Single Sample, Single File

This is simple. Load the file, create or inspect the object, then make sure sample metadata exists.

Examples:

one filtered_feature_bc_matrix.h5
one sample.h5ad
one sample_seurat.rds

Main checks:

Is this really one biological sample?
Does the object already contain sample_id, condition, or batch?
Are the cell names unique enough if this object will later be merged?

Single Sample, Multiple Files

This is also simple when it is a 10x Matrix folder.

sample/
  matrix.mtx.gz
  barcodes.tsv.gz
  features.tsv.gz

There are multiple files, but they form one count matrix from one sample.

Main checks:

Do the three files belong to the same sample?
Are the names standard enough for Seurat::Read10X()?
Should this sample get a prefix before future merging?

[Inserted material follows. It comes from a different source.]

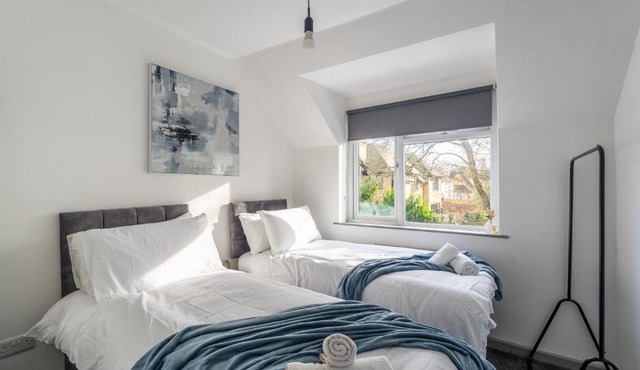 3BR Chalfont Apartment Near Gerrards Cross, Fast WiFi & Parking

Multiple Samples, Single File Or Folder

This happens when a provider gives one processed object containing all samples.

Examples:

one .h5ad containing all donors
one Seurat RDS containing all conditions
one SCE RDS containing many samples

This is still manageable if metadata is good. The important question is whether cell-level metadata already contains sample information.

Main checks:

Which column defines sample?
Which column defines condition?
Which column defines patient or donor?
Is there a batch or sequencing-run column?
Was the object already normalized, integrated, clustered, or annotated?

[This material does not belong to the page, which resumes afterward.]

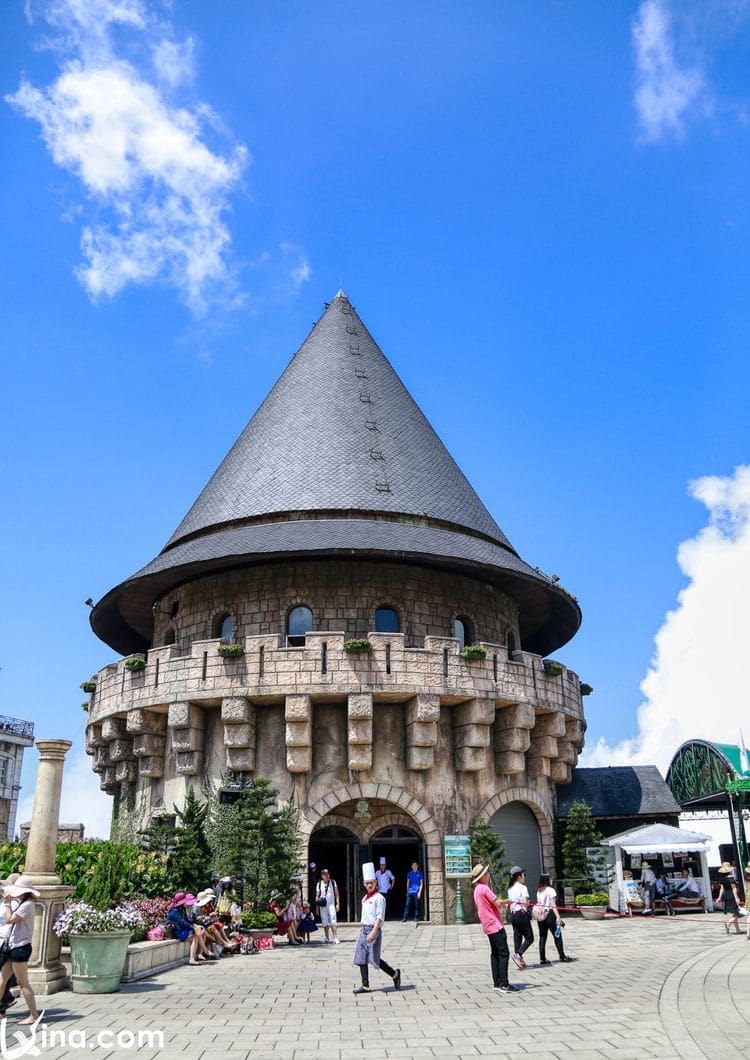 vietnam photos - ba na hills in summer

If no sample column exists, downstream analysis becomes risky because sample-level comparisons, pseudobulk, and composition analysis depend on sample identity.

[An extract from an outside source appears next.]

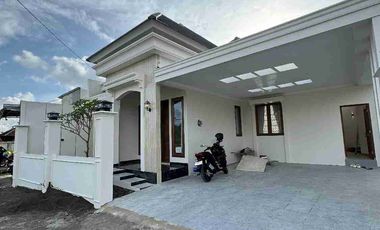 Rumah Luas Pinggir Jalan View Sawah Dekat UII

Multiple Samples, Multiple Files Or Folders

This is the case that needs the most care.

Common pattern:

sample_A/filtered_feature_bc_matrix/
sample_B/filtered_feature_bc_matrix/
sample_C/filtered_feature_bc_matrix/

or:

sample_A.h5ad
sample_B.h5ad
sample_C.h5ad

Each file or folder usually corresponds to one biological sample. The practical question is how to store objects after loading.

Option 1: List Of Objects

Read each sample separately and store the result in a named list.

Conceptually:

objects <- list(
  sample_A = seurat_A,
  sample_B = seurat_B,
  sample_C = seurat_C
)

This is useful before merging because each sample can be inspected independently.

Good for:

per-sample QC
checking cell counts per sample
adding sample-specific metadata
avoiding barcode collisions before merge
keeping raw per-sample objects available

For Seurat, each object should already have metadata such as:

seurat_obj$sample_id <- "sample_A"
seurat_obj$condition <- "control"
seurat_obj$batch <- "batch_1"

Option 2: One Merged Object

After metadata and cell names are clean, multiple sample objects can be merged into one object.

Conceptually:

merged_obj <- merge(
  x = objects[[1]],
  y = objects[-1],
  add.cell.ids = names(objects)
)

The merged object is useful for analysis steps that operate across all cells:

shared QC visualization
normalization workflow
dimensionality reduction
clustering
annotation
integration setup

But the merged object must still preserve sample identity in metadata. Without sample_id, the merged object loses the biological replicate structure.

Join Layers After Merge

In Seurat v5, merging objects may keep sample-specific layers inside the same assay.

After merge, check layers:

Seurat::Layers(merged_obj[["RNA"]])

You may see layers such as:

counts.sample_A
counts.sample_B
counts.sample_C

If the next analysis step expects one joined layer, use JoinLayers():

merged_obj <- Seurat::JoinLayers(merged_obj)

Then check again:

Seurat::Layers(merged_obj[["RNA"]])

What to remember:

This is mainly a Seurat v5 layer issue.
Do not call it blindly before checking layers.
Use it when downstream functions expect a unified layer or give layer-related errors.

List Or Merged Object

The practical answer is usually both.

Keep:

a list of per-sample objects for sample-level checking
a merged object for joint analysis

Do not think of list vs merged object as an either/or choice. The list is the safer staging structure; the merged object is the working analysis structure.

Note

For multiple samples, the most important metadata columns are usually sample_id, condition, patient_id, and batch.

The goal is not just to load cells. The goal is to preserve the sample structure needed for QC, merging, integration, pseudobulk, and composition analysis.